By Rowan Forster
Thousands gathered in Berwick on Anzac Day to remember those who sacrificed their lives for the sanctity of Australian life.
High Street was closed to traffic throughout the day as cadets, soldiers, veterans and students marched through the crowds with flags, rifles and instruments in tow.
The 11am service concluded with a picturesque fly-by from the Australian Air Force – signifying the beginning of the parade.
Early estimates suggest at least 3,000 people attended.

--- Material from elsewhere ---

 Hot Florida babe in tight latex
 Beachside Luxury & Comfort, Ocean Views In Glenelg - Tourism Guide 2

Berwick RSL president Wayne A’Vard addressed the community, citing the importance of the commemoration.”It’s important on this day to remember those who served and the sacrifices they made,” he said.”We will always remember those who suffered in the war, those who died and their families.”After the service, sizable queues formed at the cenotaph where residents waited to lay wreaths and poppies.

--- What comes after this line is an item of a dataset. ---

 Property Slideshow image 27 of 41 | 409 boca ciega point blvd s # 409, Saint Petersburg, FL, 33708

For Michelle Jenkins – commemorating the heroic actions of the Anzac soldiers was a “must”.
She told Star News of her son’s personal experience when he was dispatched from Darwin and deployed to Iraq in 2003.
“I’ve never felt so scared in my life – it gave me extra insight as to what their families must have gone through,” she said.

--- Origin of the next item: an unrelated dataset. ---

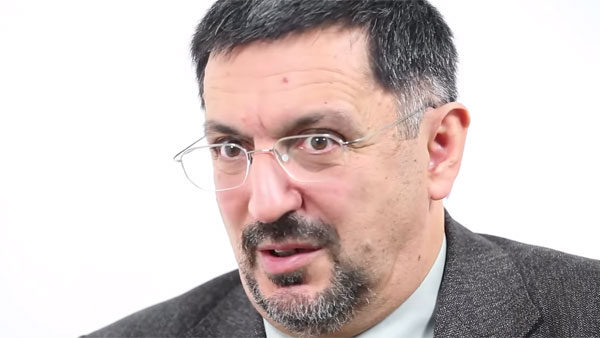 Назвавший русский язык «клоачным» профессор вновь оказался в центре скандала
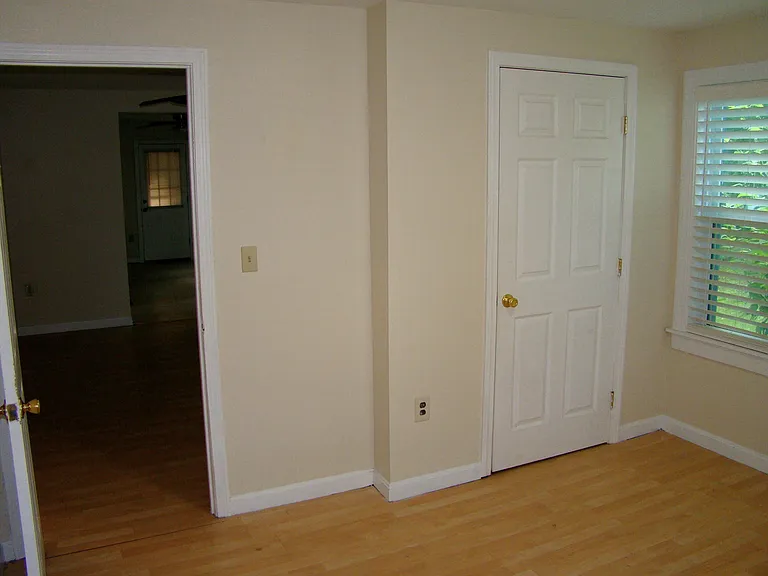 33 Norton St #1 — Photo 16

“When he justified it to me, he told me, ‘I’m a solder and I chose to do this’, which made me so proud.”
Her son returned from the deployment physically unscathed, but the tenure took a toll on his emotional state.
“He didn’t want to talk about it for so long,” Ms Jenkins said.
Fortunately, Ms Jenkins’ son later overcame the trauma and has since turned over a new leaf.
Berwick RSL has also been conducting commemoration services in aged care residences and schools in the lead up to Anzac Day.
The service was just one of many held across the Casey-Cardinia region.